• **Task directions**
Pictures appear among the records below and must be omitted. Repeat exactly the lines from the line with "Villa in Ibicenco-stijl" to the line with "2013 Vauxhall Vivaro", both included.

• **Exercise inputs**
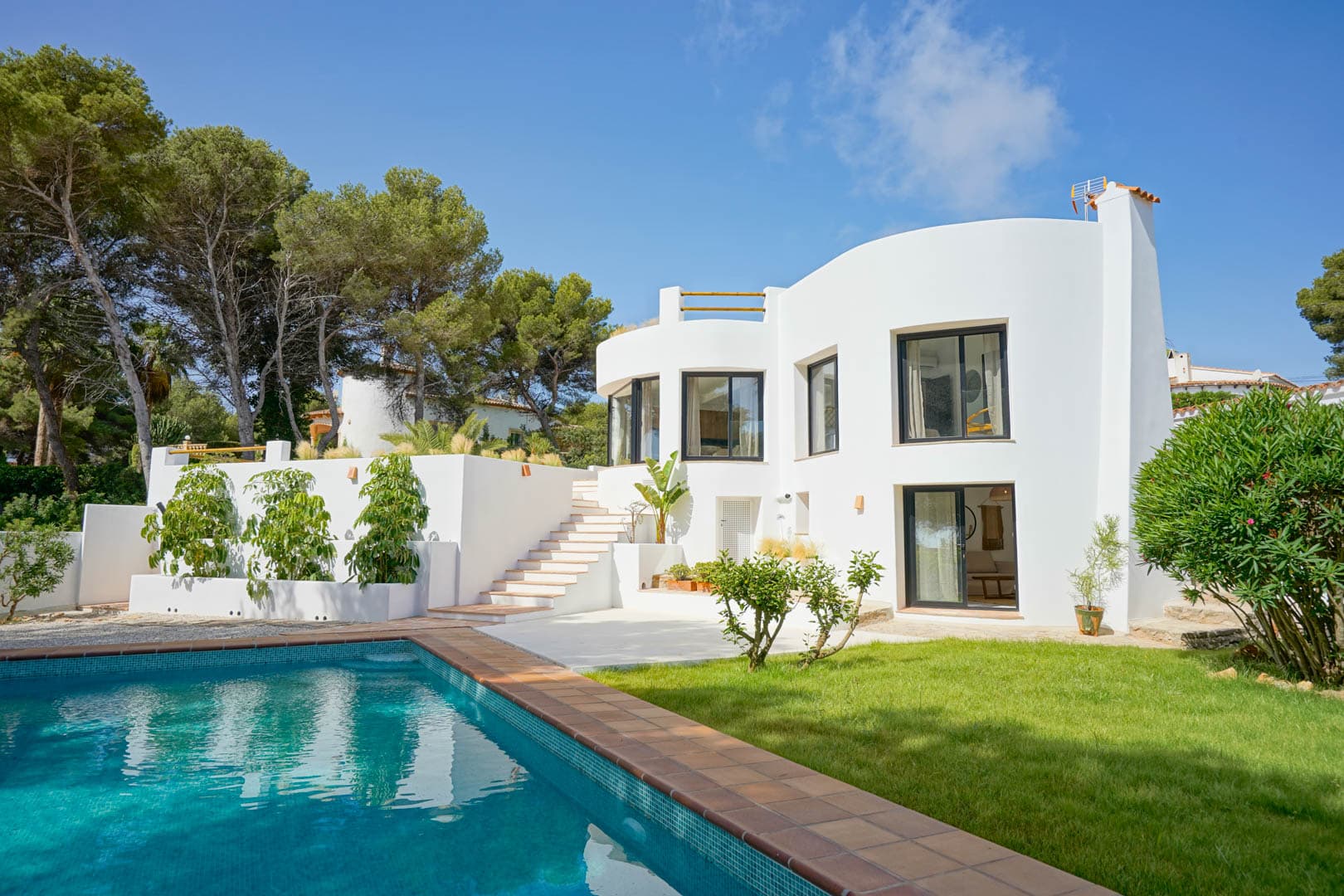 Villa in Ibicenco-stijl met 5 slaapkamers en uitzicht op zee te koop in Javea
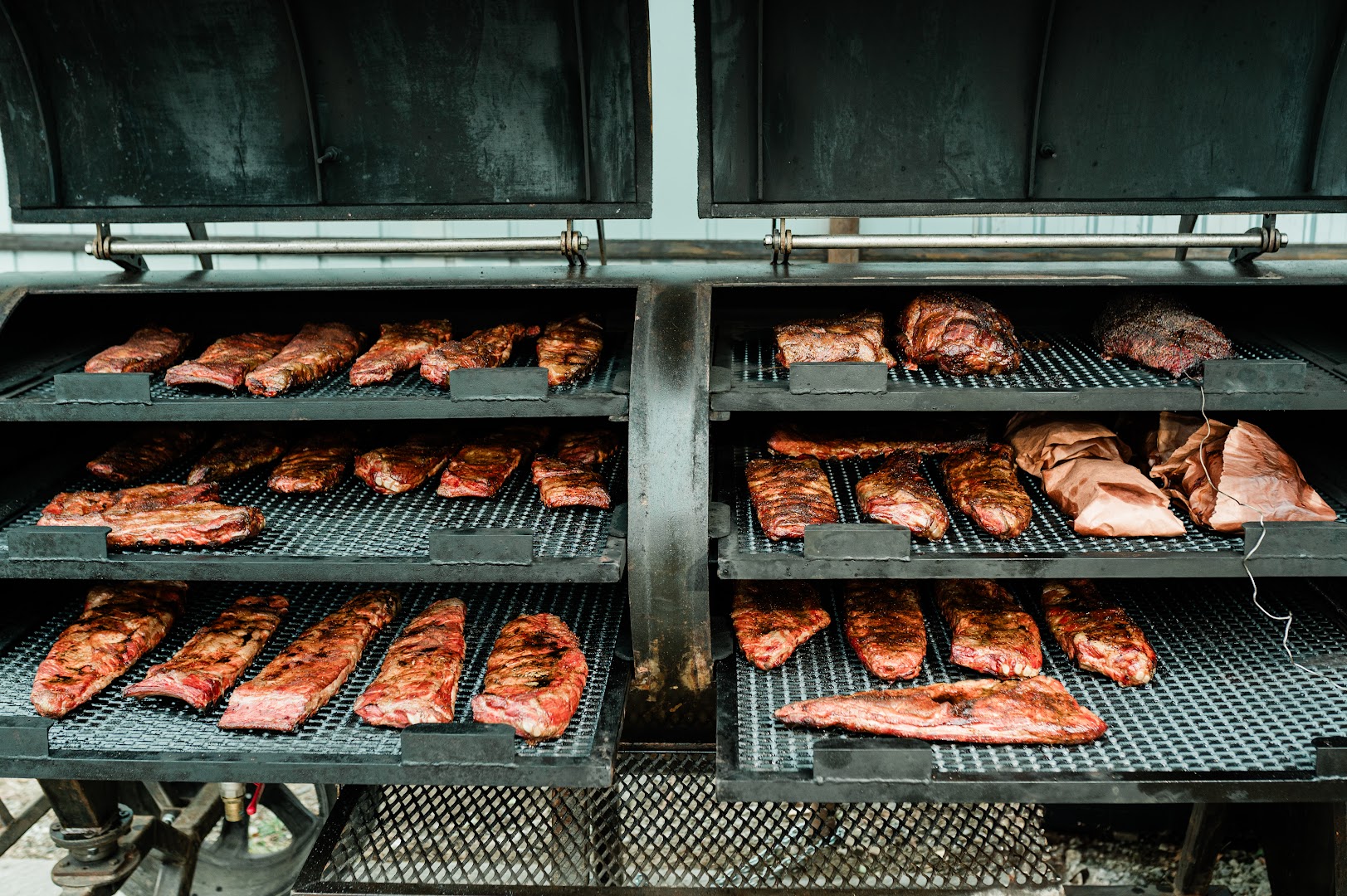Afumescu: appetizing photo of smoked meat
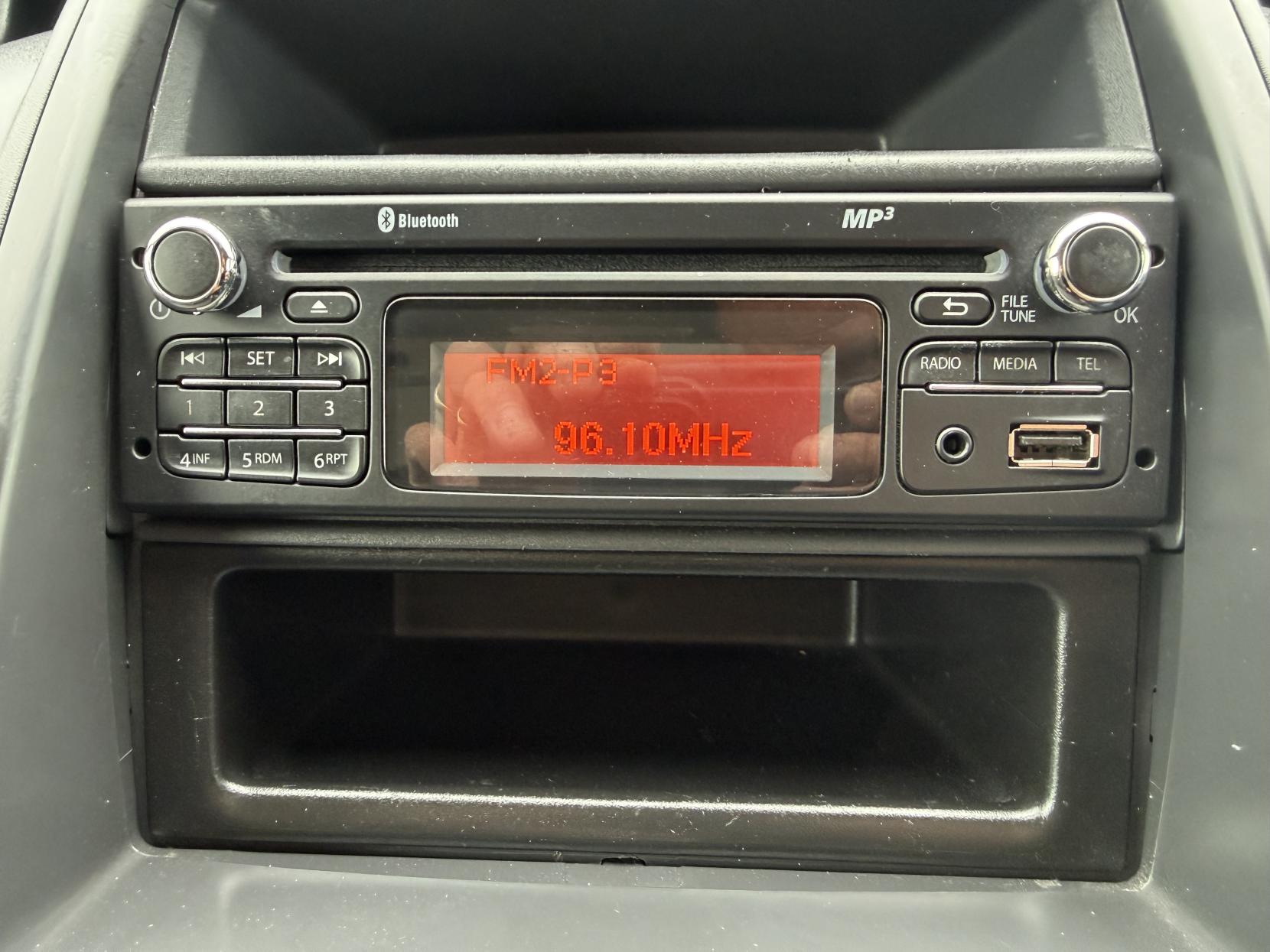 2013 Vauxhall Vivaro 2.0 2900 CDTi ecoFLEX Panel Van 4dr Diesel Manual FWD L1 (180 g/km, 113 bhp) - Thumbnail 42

==

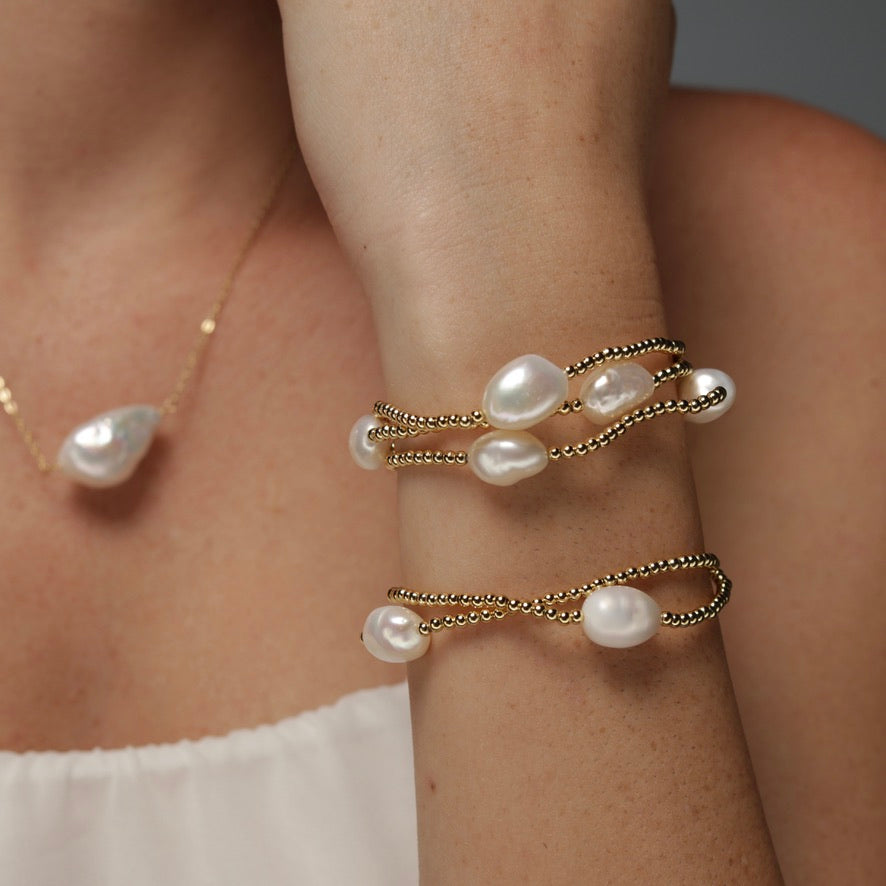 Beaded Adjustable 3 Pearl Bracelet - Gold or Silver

--

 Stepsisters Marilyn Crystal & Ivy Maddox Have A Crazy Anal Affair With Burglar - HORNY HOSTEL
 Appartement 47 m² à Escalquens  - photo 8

• **Task result**
 Villa in Ibicenco-stijl met 5 slaapkamers en uitzicht op zee te koop in Javea
Afumescu: appetizing photo of smoked meat
 2013 Vauxhall Vivaro 2.0 2900 CDTi ecoFLEX Panel Van 4dr Diesel Manual FWD L1 (180 g/km, 113 bhp) - Thumbnail 42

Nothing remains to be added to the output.